▶ EXTRACTED RECORDS:

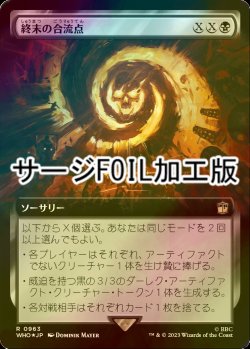 画像1: [FOIL] 終末の合流点/Doomsday Confluence No.963 (拡張アート版・サージ仕様) 【日本語版】 [WHO-黒R]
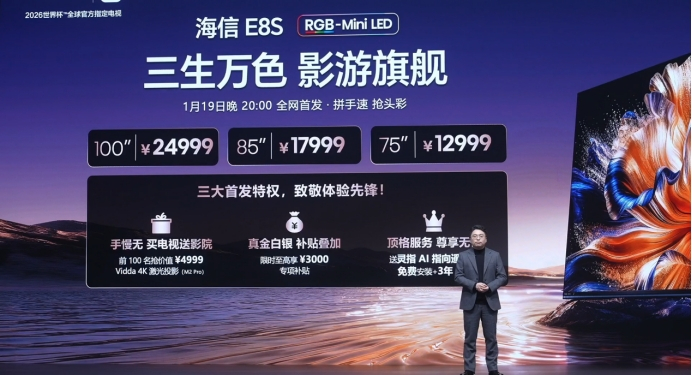 海信RGB-Mini LED迎影游旗舰E8S新品开启换代风暴击碎行业质疑(图11)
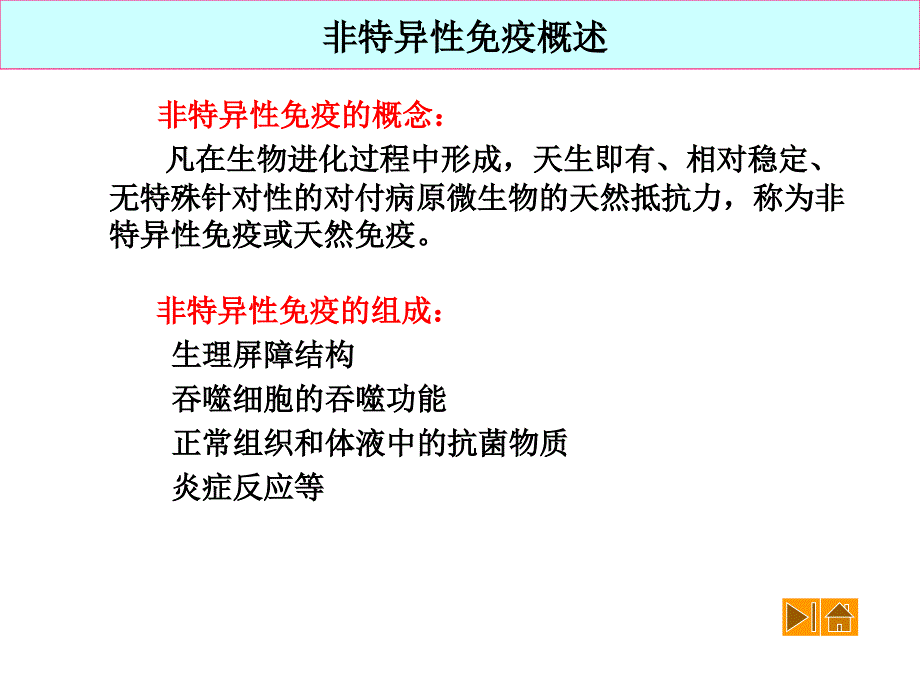 非特异性免疫课件_第2页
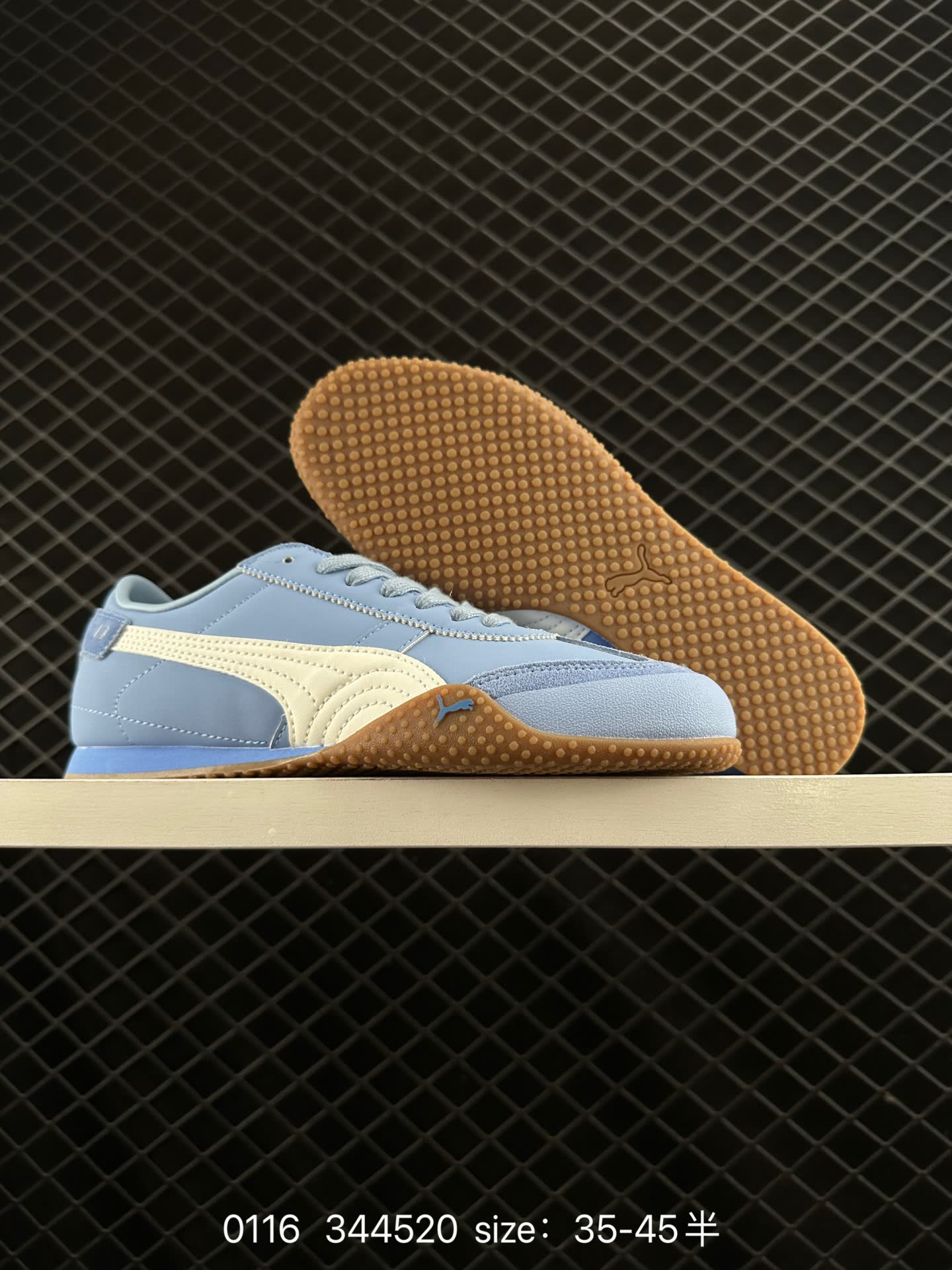 PUMA Bella UT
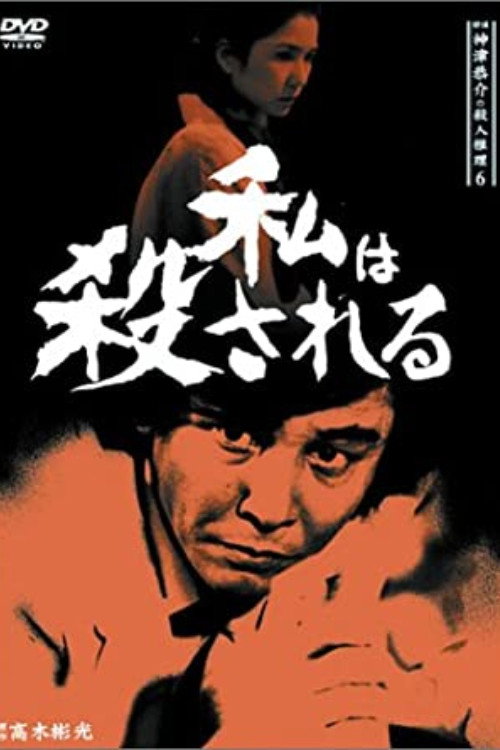 Póster de 探偵神津恭介の殺人推理8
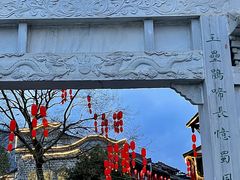 -海窝子古镇
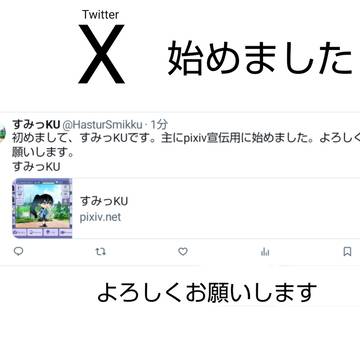 お知らせ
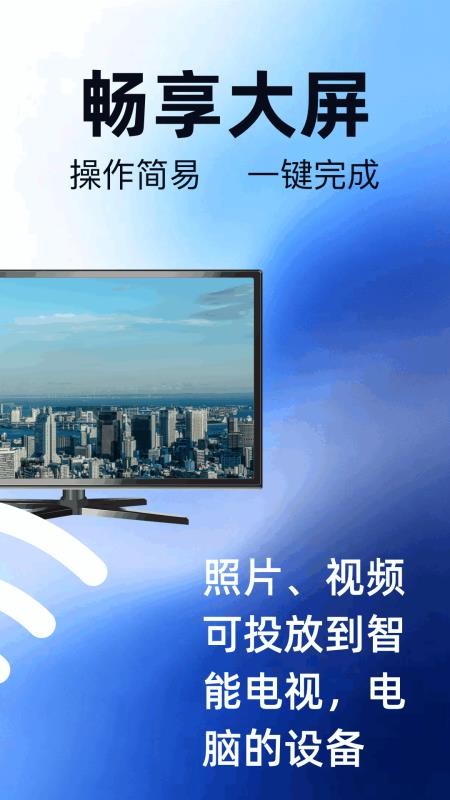 无线投屏MX最新版v1.1 2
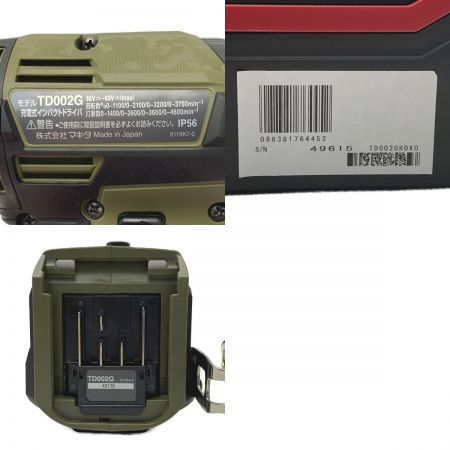  MAKITA マキタ 《 充電式インパクトドライバ  》オリーブ / 40V max / 2.5Ah / TD002GRDXO グリーン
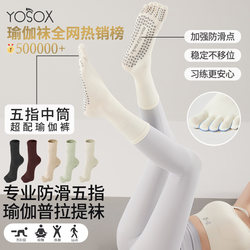 Yoga Socks, Autumn and Winter Long Tube, Non-Slip, Professional Women's Five-Finger Indoor Sports Mid-Tube, Pilates-Specific Fitness Split-Toe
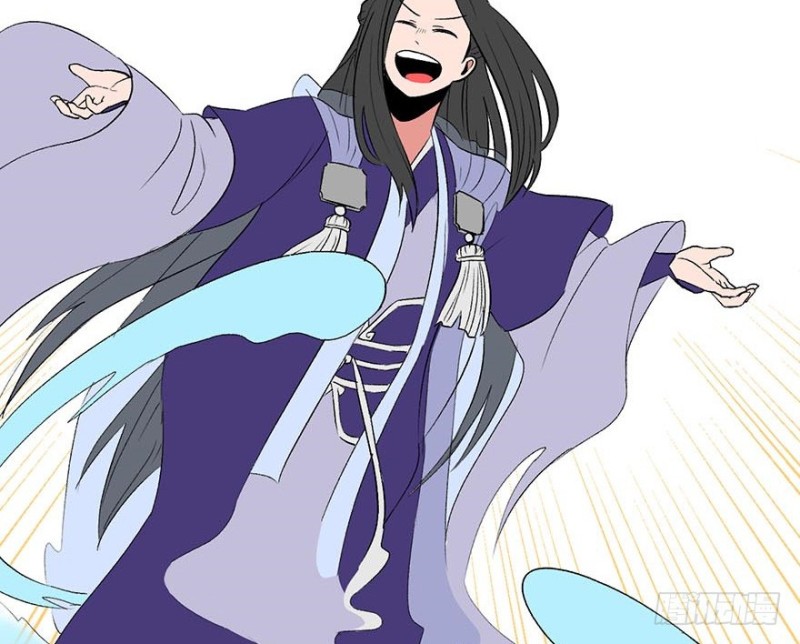 《师父又掉线了》第46章 打扰掌门睡觉后果自负 第37页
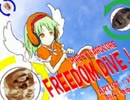 FIREDOM RiCE↑【松岡修造】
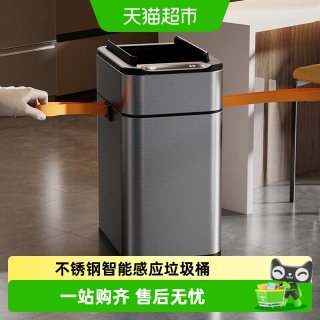 88VIP：妙然 -0602 智能感应垃圾桶 20L 不锈钢 家用
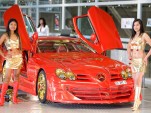 Ueli Anlike SLR 999 Red Gold Dream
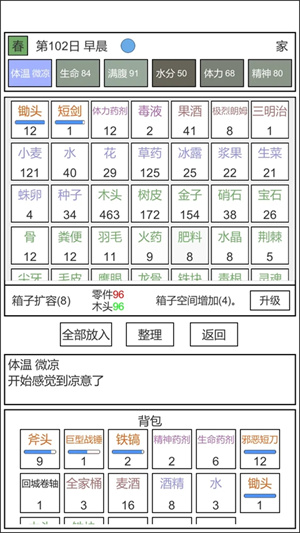 魔塔冒险者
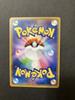 Pokemon Card Rayquaza GX Sm8b Double Rare RR 2018 Pokeca Shippuu Dotou 098/150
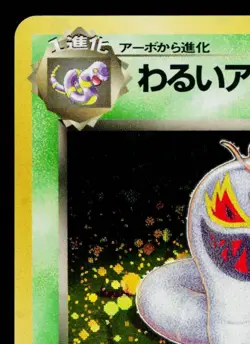 DARK ARBOK No.024 TEAM ROCKET JAPANESE POKEMON TCG - Image 2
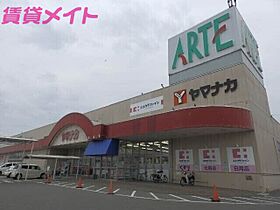 三重県津市中河原（賃貸マンション1K・4階・25.92㎡） その26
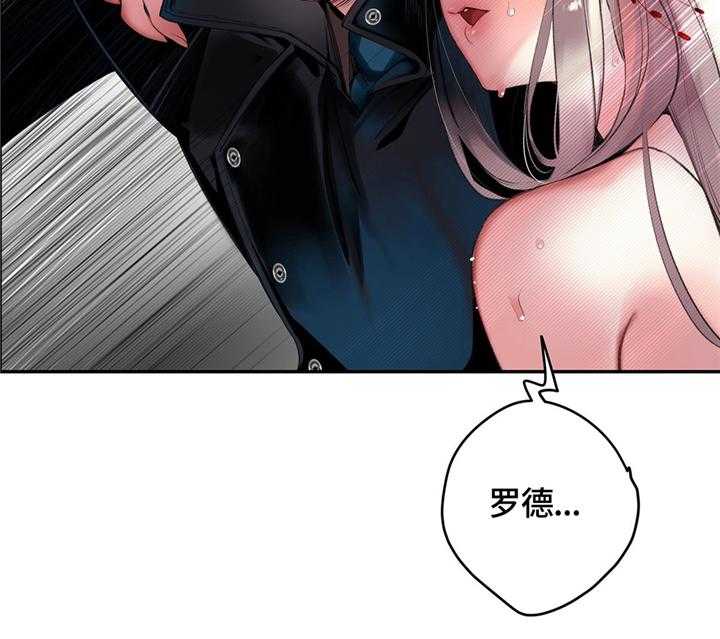 《精灵之子》第104话 104_与神对抗 第53页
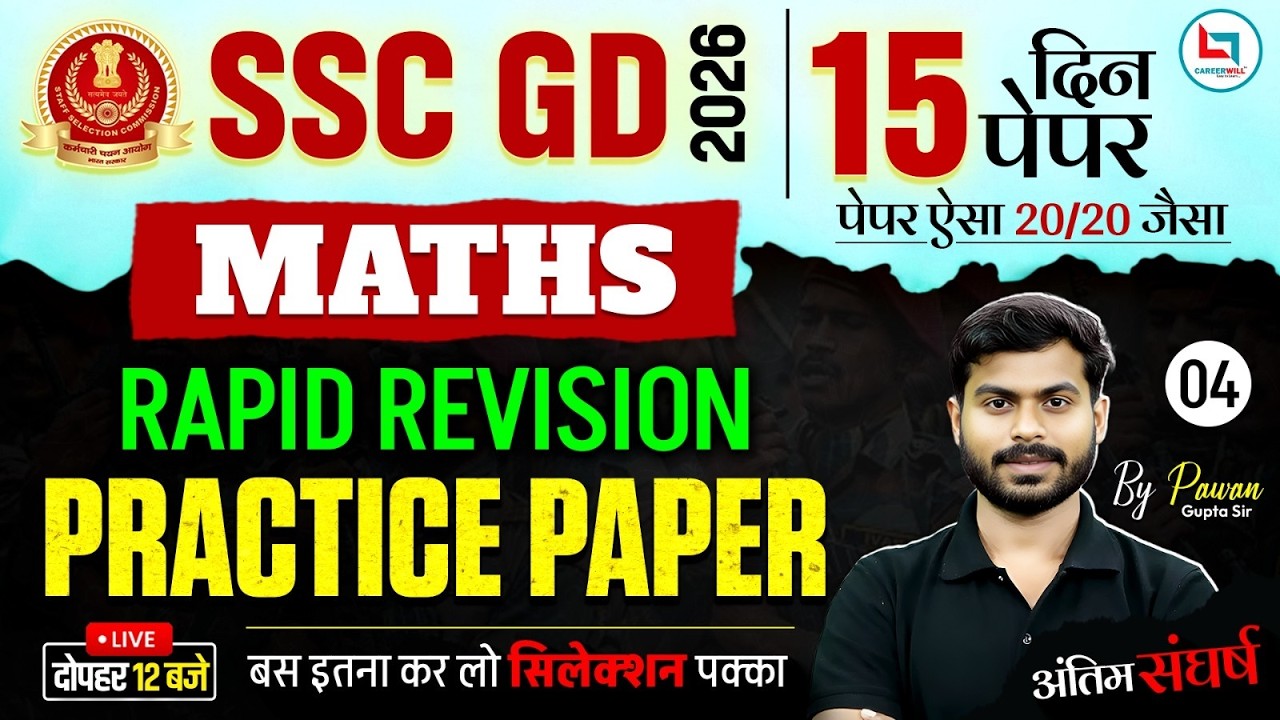 SSC GD Maths Practice Paper | SSC GD Maths Practice Set | SSC GD Maths Class 2026 | SSC GD 2026 Math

▶ WHAT YOU SHOULD DO:
Set the records down again exactly, with no pictures.

▶ SOLUTION BELOW:
 画像1: [FOIL] 終末の合流点/Doomsday Confluence No.963 (拡張アート版・サージ仕様) 【日本語版】 [WHO-黒R]
 海信RGB-Mini LED迎影游旗舰E8S新品开启换代风暴击碎行业质疑(图11)
 非特异性免疫课件_第2页
 PUMA Bella UT
 Póster de 探偵神津恭介の殺人推理8
 -海窝子古镇
 お知らせ
 无线投屏MX最新版v1.1 2
  MAKITA マキタ 《 充電式インパクトドライバ  》オリーブ / 40V max / 2.5Ah / TD002GRDXO グリーン
 Yoga Socks, Autumn and Winter Long Tube, Non-Slip, Professional Women's Five-Finger Indoor Sports Mid-Tube, Pilates-Specific Fitness Split-Toe
 《师父又掉线了》第46章 打扰掌门睡觉后果自负 第37页
 FIREDOM RiCE↑【松岡修造】
 88VIP：妙然 -0602 智能感应垃圾桶 20L 不锈钢 家用
 Ueli Anlike SLR 999 Red Gold Dream
 魔塔冒险者
 Pokemon Card Rayquaza GX Sm8b Double Rare RR 2018 Pokeca Shippuu Dotou 098/150
 DARK ARBOK No.024 TEAM ROCKET JAPANESE POKEMON TCG - Image 2
 三重県津市中河原（賃貸マンション1K・4階・25.92㎡） その26
 《精灵之子》第104话 104_与神对抗 第53页
 SSC GD Maths Practice Paper | SSC GD Maths Practice Set | SSC GD Maths Class 2026 | SSC GD 2026 Math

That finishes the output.